On January 27, 2018, a truck driver plowed into a UNESCO World Heritage site in Peru. The mysterious ancient site consists of lines drawn in the dirt, meaning it was pretty easy for the truck to damage it.

Roughly 2,000 years ago, members of a pre-Inca civilization carved the Nazca Lines into an area about 250 miles south of Lima, Peru. From the ground, it’s hard to see what the big deal is. But aerial views reveal that the lines form a large, complicated hieroglyphs whose meaning remains a puzzle.

It’s not clear why the truck driver barreled past the warning signs around the site and sped over the lines. Peru’s Attorney General says there’s not enough evidence the man intentionally damaged them, and won’t press charges.

The driver is far from the first to damage the world’s best-known example of geoglyphs: In 2014, the environmental activist organization Greenpeace got in trouble when its members placed a sign near the Nazca Lines’ hummingbird hieroglyph, leaving footprints at the site.

Greenpeace activists standing next to large letters that spell out "Time for Change: The Future is Renewable" next to the hummingbird geoglyph in Nazca, Peru. (Credit:Rodrigo Abd/AP Photo)
Greenpeace activists standing next to large letters that spell out “Time for Change: The Future is Renewable” next to the hummingbird geoglyph in Nazca, Peru. (Credit:Rodrigo Abd/AP Photo)

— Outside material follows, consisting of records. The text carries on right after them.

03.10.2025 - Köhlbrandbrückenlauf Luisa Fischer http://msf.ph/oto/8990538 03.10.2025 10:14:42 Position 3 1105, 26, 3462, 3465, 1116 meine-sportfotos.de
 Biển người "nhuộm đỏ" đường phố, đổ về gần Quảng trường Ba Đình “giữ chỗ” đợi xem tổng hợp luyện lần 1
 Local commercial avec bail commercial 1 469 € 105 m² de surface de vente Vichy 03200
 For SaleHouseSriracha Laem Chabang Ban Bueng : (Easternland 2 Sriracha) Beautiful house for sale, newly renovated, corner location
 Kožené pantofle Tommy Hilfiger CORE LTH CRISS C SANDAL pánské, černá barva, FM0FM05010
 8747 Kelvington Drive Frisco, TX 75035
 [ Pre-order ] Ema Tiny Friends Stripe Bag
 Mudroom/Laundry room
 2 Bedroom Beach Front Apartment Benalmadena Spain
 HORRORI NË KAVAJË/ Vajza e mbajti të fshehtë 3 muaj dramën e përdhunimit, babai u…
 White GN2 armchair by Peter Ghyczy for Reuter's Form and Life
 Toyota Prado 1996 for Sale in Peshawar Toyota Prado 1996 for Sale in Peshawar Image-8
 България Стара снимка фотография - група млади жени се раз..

Historians and archaeologist aren’t sure why the etchings were made or what they mean, but many speculate that they have to do with astronomy and rituals. From above, you can see the lines form geometric shapes like squares and triangles, as well as bird, spider, and monkey images.

There are some humanoid hieroglyphs, too, like “The Astronaut,” a happy-looking figure that may remind modern viewers of a gingerbread man. There’s also a glyph that depicts decapitation, and one that appears to show a mythical creature with many legs.

Researchers in the 1940s concluded based on the lines’ positioning that they probably had astronomical and calendrical importance. Some of the hieroglyphs, for example, may have represented constellations of stars in the sky. More recent research suggests they might have been used in rain rituals.

Tire damage from the truck that drove into the Nazca Lines in Peru. (Credit: Culture Minister of Peru)
Tire damage from the truck that drove into the Nazca Lines in Peru. (Credit: Culture Minister of Peru)

In 2015, researchers at a Society for American Archeology meeting suggested that the Nazca Lines’ purpose could have changed over time. They posited that the lines were first used as processional routes to temples, then later used in a religious rite involving smashing pottery at the intersection of lines.

The most sensational, least plausible explanation of all is, of course, that aliens did it. Because we’ll probably never have enough evidence to definitively say why the lines were created, this theory will probably stick around for a long time.

The truth is out there—but it probably has nothing to do with UFOs.